It’d be fair to say that most Simpson College students don’t want to cause conflict and would rather skirt around the edges of it than face it head on. That being said, there’s no doubt this year that there has been a fair share of conflict between Simpson’s Student Government Association and our student newspaper, The Simpsonian. It’s been fleshed out, sometimes rationally, sometimes unprofessionally, in opinion articles and blog posts from both sides. Being a class senator and a Simpsonian staff writer over the past year, I often found myself caught in the middle. However, now, I’m a former class senator and a future editor at the Simp and I’m hoping my combined knowledge of both organizations can lead to more harmonious flow between the two.
Before going any further, I need to say, neither side is right or wrong.
In the final edition of the year, the editorial staff of the Simp wrote a column entitled “Thumbs are up and down for 2010-2011,” in which the staff writes,
The communication between students, student groups and Student Government Association (SGA) was lacking this year. The frustration of who got what money all seemed to be a game of who was best liked or who was the most persistent. Things were not consistent throughout the year, which led to more frustration and misunderstanding.
To address the first point, I think one of SGA’s greatest accomplishments this year has been its creation and updating of its blog, its video blog and its social media platforms including Facebook and Twitter (with every meeting being live-tweeted). With news and content from SGA available on almost every platform a student could access, the “lack of communication” argument simply isn’t valid.

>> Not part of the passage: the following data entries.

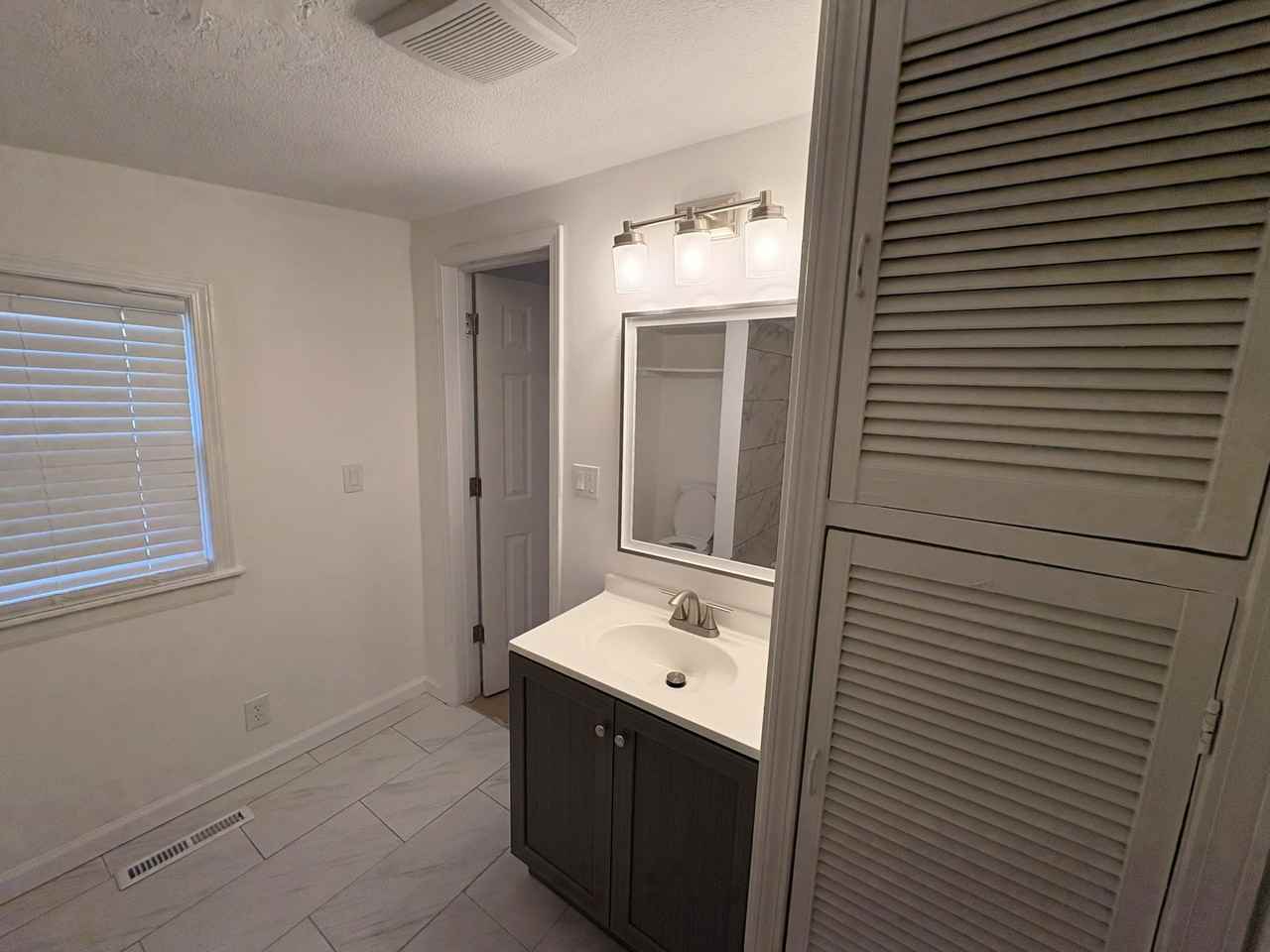 182 Novak St - Photo 6 of 21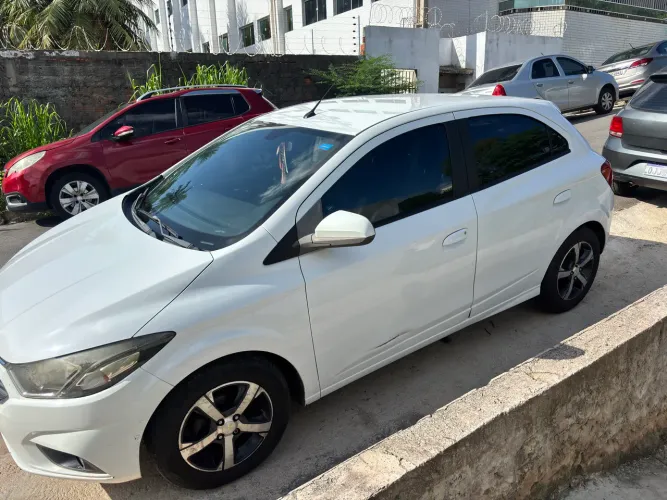 Chevrolet Onix Hatch LTZ 1.4 8V Flex Mec. 4P 2018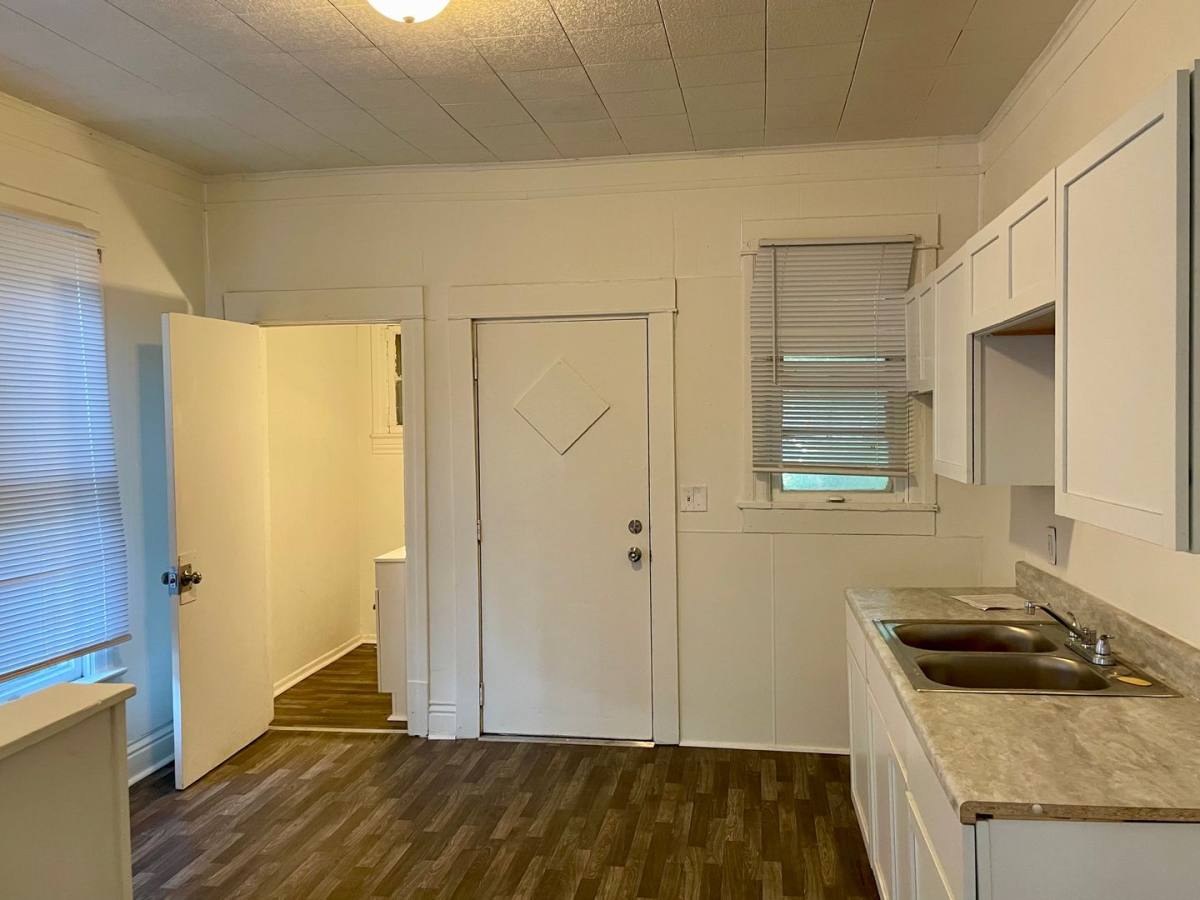 House for rent at 1024 N 11th St, Springfield, IL 62702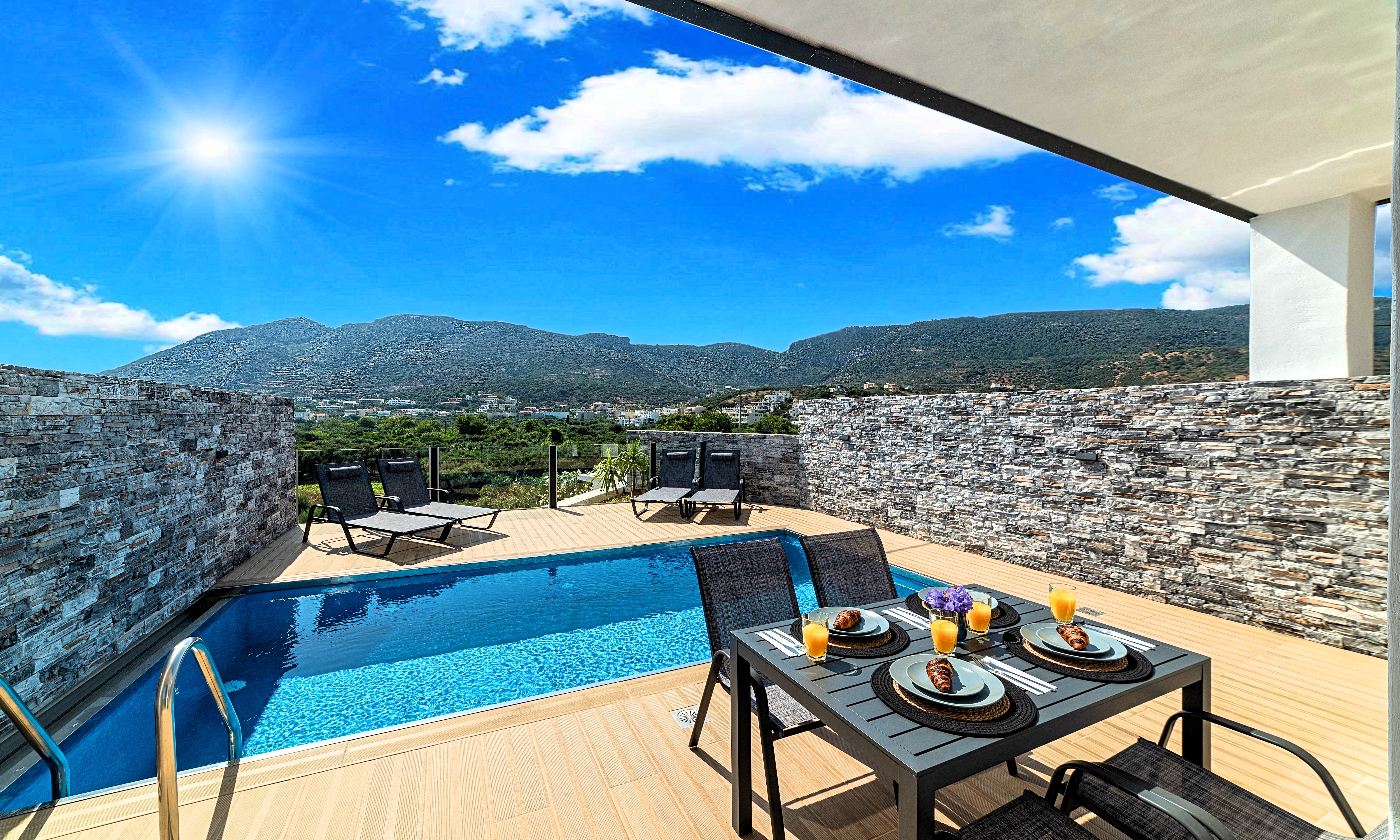 Panoramisch bergzicht — Aelia Suites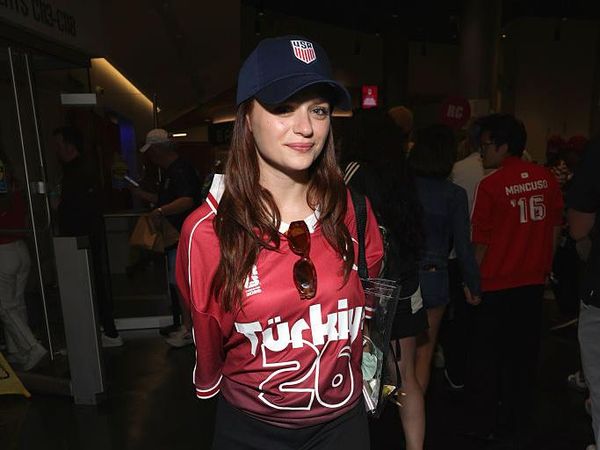 Gaya Joey King Nonton Piala Dunia Curi Atensi, Pakai Jersey Turki, Topi USA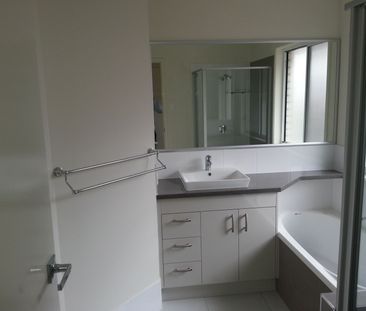 Unbeatable Value with Air-con! - Photo 5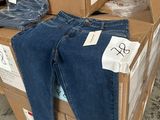une pile de cartons sur lesquels sont posés des jeans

Not to say that the Simp writers don’t have a point. Consistency in how different groups were treated when requesting funding has been an issue, complicated even more by a little-understood finance code in need of a few revisions. In the final student government meetings of the year, discussion on revisions of the finance code revolved around developing two separate codes: one for groups requesting money during the spring budget hearings and a second for groups coming throughout the year requesting money from SGA’s operating budget for specific events or activities. This seems to be the most reasonable proposal brought forth, however, it will be up to next year’s senate and the students at large to ensure that new regulations be put in place.
So if the communication issue is not as big of an issue as previously believed and next year’s senate works to solve the consistency issue, then what else needs to happen to encourage cooperation between the Simp and SGA? On the part of the Simp, I think it’s essential to have a reporter present at SGA meetings. Perhaps this will fall under my authority (as next year’s Perspectives editor I’ve contemplated running a bi-weekly or weekly column on SGA) or will be traded between different reporters. However, as a senator, I’ve seen the nuances, the discussion and sometimes, the confusion that can take place during SGA meetings. To report fairly on the proceedings, it’s essential to have reporters and writers observe and record the various points and arguments discussed during an SGA vote.
Both of these organizations consider themselves to be advocates for students and watchdogs of the administration. Many opportunities exist for cooperation between the two groups in the form of hosting joint forum events or Q&A sessions with administrators. Of course, the Simp always has a duty to report honestly on SGA proceedings and decisions and SGA has the responsibility to make the decisions it thinks are right, even in the face of negative press. Yet in the end, a strong student press and a strong student government working to understand and cooperate with each other can only bring about positive benefits for the Simpson community.